Increasing pessimism about the Chinese economic outlook is emerging owing to the euro zone debt crisis and gloomy recovery in the United States. Justin Yifu Lin, former Vice President of the World Bank, predicted that China can maintain 8-percent annual economic growth for the next two decades at the 14th NBER-CCER Conference on China and the World Economy in Beijing on June 24-26, an annual conference jointly held by the U.S. National Bureau of Economic Research and the China Center for Economic Research of Peking University. Edited excerpts of Lin's views follow:

We are observing a two-speed recovery. On the one hand, there are the high-income countries whose growth rate in 2010 and 2011 were estimated at 3.1 percent and 1.6 percent, respectively—far below the historical average following other crises. On the other hand, there are the developing countries which grew at 7.6 percent in 2010 and were likely to grow at 6 percent in 2011, returning to their pre-crisis rates. Developing countries, especially China and India, have increasingly become engines of growth of the world economy.

Now China is becoming an innovator in its own right. In many sectors in which China has comparative advantages, higher-income countries have graduated, or are close to graduating, from those sectors — for example, household electronics and the high-speed trains. If China wants to maintain leadership in those sectors, China will need to develop the technology/product innovation when it reaches the frontier.

China can then become a global technological/industrial leader in those sectors. There are also some new sectors, such as green technology, which are important for China's sustainable growth. China has the potential to be a leader due to its large domestic market.

But the income gap between China and the United States indicates that there is still a large technological gap between China and the industrialized West. In 2008 China's per-capita income was 21 percent of U.S. per-capita income measured in purchasing power parity.

China has the potential to achieve another 20 years of 8 percent growth. By that time, China's per-capita income measured in purchasing power parity may reach about 50 percent of U.S. per-capita income.

 

Triple imbalances

Given the inevitable slowdown in exports to high-income countries in the coming years and the need to reduce trade surplus, it is only prudent and pragmatic to consider ways to rebalance the Chinese economy towards domestic demand. The shift towards domestic demand represents the first rebalancing.

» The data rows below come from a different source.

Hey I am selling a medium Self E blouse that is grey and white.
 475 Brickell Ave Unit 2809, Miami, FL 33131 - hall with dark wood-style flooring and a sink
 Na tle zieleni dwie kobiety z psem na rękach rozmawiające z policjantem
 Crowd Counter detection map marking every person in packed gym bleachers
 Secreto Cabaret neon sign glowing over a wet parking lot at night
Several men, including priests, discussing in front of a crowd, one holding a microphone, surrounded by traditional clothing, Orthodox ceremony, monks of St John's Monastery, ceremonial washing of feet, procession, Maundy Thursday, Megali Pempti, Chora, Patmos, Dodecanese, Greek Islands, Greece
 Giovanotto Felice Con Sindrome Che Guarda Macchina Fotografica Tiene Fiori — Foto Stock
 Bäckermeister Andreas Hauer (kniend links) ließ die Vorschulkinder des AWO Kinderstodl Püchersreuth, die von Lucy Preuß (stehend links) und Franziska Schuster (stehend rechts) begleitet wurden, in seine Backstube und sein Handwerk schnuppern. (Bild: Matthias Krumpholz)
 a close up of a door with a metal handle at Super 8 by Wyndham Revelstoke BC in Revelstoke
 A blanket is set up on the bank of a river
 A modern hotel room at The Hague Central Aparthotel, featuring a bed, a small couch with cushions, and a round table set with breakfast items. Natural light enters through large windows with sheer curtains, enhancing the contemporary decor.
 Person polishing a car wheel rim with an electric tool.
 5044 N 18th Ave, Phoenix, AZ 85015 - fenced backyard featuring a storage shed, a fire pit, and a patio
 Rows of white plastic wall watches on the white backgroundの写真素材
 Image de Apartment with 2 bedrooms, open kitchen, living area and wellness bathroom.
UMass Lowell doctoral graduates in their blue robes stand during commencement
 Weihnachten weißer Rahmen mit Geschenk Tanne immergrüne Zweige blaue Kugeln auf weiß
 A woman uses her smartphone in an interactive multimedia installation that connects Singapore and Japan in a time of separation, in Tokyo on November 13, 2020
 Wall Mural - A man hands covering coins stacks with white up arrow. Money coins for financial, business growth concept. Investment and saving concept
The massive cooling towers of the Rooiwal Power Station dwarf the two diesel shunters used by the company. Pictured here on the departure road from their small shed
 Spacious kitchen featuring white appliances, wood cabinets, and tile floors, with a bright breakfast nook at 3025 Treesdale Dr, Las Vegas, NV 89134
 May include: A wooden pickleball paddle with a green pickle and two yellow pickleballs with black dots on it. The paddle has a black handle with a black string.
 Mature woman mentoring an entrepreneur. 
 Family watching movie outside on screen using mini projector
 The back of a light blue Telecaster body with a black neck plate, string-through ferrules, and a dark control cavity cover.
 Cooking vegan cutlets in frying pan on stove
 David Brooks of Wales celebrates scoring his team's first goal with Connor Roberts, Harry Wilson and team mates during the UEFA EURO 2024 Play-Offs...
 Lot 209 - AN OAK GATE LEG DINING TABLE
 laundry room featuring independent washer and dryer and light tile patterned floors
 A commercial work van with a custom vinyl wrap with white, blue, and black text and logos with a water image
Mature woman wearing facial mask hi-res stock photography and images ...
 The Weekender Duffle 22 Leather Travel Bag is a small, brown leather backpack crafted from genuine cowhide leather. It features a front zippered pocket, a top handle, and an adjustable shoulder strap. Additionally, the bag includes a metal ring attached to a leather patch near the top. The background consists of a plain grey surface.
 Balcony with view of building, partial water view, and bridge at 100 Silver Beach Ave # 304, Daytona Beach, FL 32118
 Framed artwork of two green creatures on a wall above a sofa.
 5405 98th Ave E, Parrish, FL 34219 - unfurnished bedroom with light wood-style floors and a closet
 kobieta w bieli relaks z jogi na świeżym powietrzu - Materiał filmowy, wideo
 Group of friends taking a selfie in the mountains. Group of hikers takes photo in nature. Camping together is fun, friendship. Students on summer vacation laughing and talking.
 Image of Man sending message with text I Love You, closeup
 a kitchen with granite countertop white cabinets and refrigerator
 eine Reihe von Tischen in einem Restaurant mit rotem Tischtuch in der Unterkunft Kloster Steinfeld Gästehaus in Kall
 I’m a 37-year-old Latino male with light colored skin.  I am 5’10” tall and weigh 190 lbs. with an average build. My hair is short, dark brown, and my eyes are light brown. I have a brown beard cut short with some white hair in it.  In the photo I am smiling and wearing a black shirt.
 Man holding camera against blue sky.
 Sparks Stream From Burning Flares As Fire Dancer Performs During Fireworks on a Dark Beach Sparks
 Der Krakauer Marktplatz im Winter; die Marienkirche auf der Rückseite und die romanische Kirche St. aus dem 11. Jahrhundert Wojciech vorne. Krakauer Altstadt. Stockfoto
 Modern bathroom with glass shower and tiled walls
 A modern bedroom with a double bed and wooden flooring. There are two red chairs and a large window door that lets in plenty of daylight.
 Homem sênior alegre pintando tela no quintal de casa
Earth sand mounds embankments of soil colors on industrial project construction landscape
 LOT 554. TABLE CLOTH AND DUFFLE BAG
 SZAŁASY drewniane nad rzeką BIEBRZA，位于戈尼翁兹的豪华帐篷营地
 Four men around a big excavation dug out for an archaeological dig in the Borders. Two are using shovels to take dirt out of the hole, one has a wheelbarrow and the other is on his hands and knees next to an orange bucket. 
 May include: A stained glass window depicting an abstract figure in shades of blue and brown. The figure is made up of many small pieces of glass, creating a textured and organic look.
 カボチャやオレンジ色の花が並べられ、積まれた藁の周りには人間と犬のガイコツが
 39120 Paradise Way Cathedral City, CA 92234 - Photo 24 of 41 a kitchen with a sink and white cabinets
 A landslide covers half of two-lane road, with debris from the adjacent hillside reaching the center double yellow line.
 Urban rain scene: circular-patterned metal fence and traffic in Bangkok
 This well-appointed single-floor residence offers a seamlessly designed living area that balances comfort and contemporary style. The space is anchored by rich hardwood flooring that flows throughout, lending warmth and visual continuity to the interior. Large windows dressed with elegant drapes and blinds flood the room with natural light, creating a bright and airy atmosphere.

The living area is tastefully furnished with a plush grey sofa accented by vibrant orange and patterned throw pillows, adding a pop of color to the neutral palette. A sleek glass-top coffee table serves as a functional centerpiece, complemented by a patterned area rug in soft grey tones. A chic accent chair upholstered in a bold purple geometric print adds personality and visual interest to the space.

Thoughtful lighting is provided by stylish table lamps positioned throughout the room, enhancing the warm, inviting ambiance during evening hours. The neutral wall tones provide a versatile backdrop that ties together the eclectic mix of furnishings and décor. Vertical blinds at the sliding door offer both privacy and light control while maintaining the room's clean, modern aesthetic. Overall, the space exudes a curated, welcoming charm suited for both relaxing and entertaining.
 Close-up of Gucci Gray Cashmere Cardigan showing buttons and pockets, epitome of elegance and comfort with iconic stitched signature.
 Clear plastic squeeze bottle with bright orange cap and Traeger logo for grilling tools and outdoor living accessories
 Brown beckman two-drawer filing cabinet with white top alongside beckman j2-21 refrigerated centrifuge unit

A second form of rebalancing is a structural transformation to reduce income disparities. In spite of the general improvement of living standards, China has shifted from a relatively egalitarian society at the beginning of the reform and opening up in 1979 to a country with alarming income inequality. The Gini index reached 41.5 in 2005, approaching the level of Latin American countries. The widening of disparity may threaten social stability and hinder economic growth.

A third form of rebalancing is overlooked by macroeconomists. China's extraordinary growth has come with almost inevitable environmental costs. There is the need to rebalance short-term growth with long-term environmental sustainability.

Specifically, we are referring to the distribution of income between the households on aggregate and the corporate sector (essentially the functional distribution of income) and the distribution of income across households (or size distribution of income). We know from the national accounts and from industry data that a large share of Chinese national income accrues to large corporations and an increasing share of income accrues to rich people. Both groups have higher propensities to save than middle- and low-income households.

Shifting more income toward workers can rebalance income between rich and poor and between the corporate sector and households. This redistribution would also reduce external imbalances.